- [Assignment] Transcribe the lines below exactly. No image belongs in the transcription.

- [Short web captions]
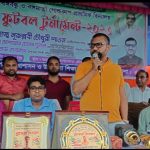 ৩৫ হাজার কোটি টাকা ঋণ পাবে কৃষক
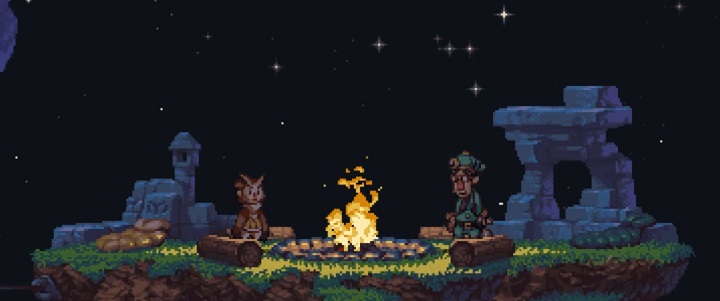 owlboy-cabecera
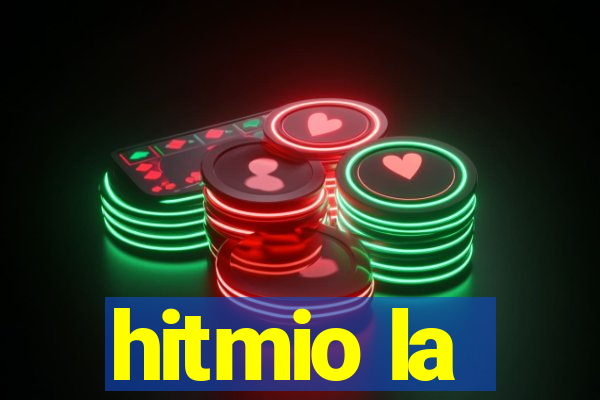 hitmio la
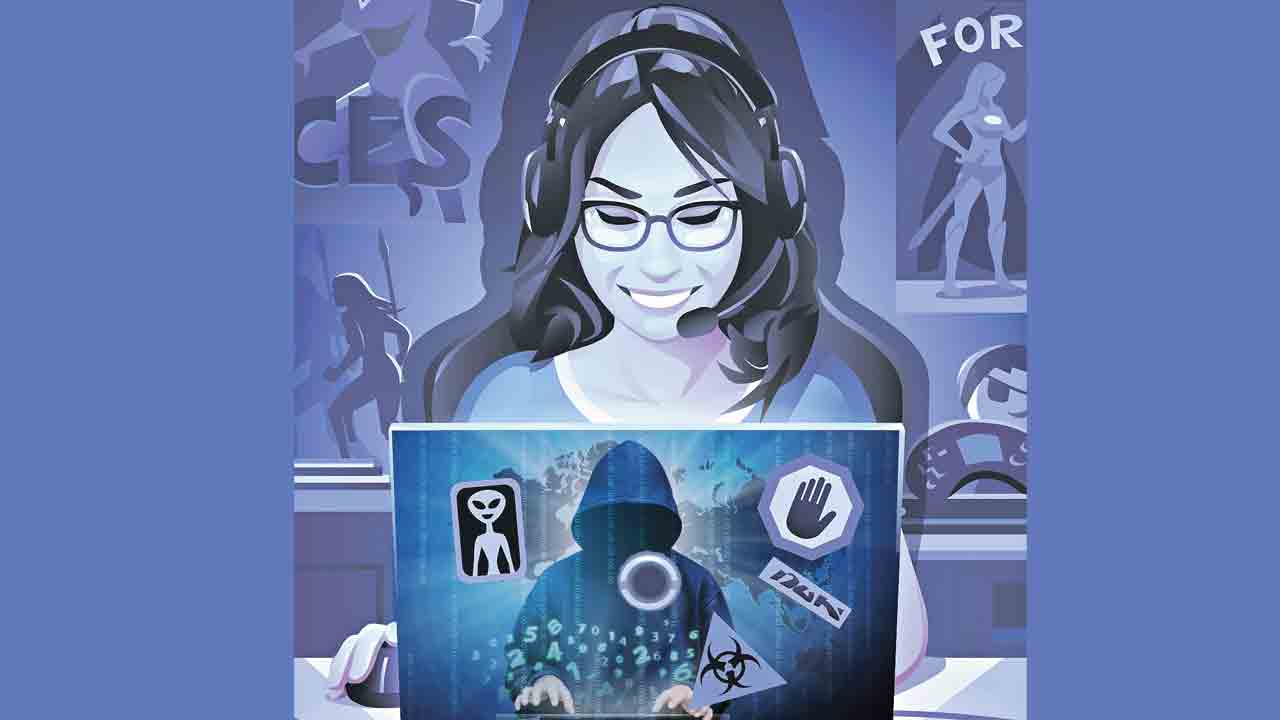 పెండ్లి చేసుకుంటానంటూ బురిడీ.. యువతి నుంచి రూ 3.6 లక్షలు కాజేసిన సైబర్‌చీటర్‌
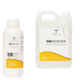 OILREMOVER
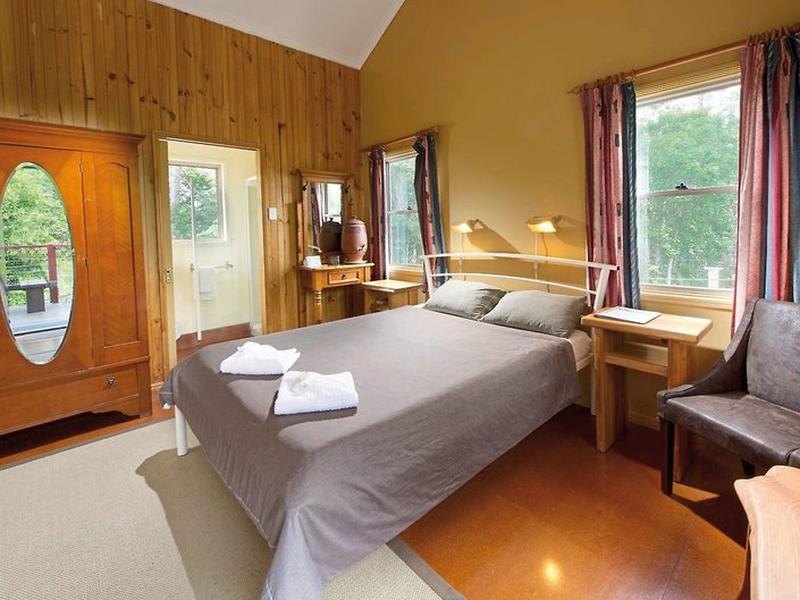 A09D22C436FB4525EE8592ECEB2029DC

- [Your solution]
 ৩৫ হাজার কোটি টাকা ঋণ পাবে কৃষক
 owlboy-cabecera
 hitmio la
 పెండ్లి చేసుకుంటానంటూ బురిడీ.. యువతి నుంచి రూ 3.6 లక్షలు కాజేసిన సైబర్‌చీటర్‌
 OILREMOVER
 A09D22C436FB4525EE8592ECEB2029DC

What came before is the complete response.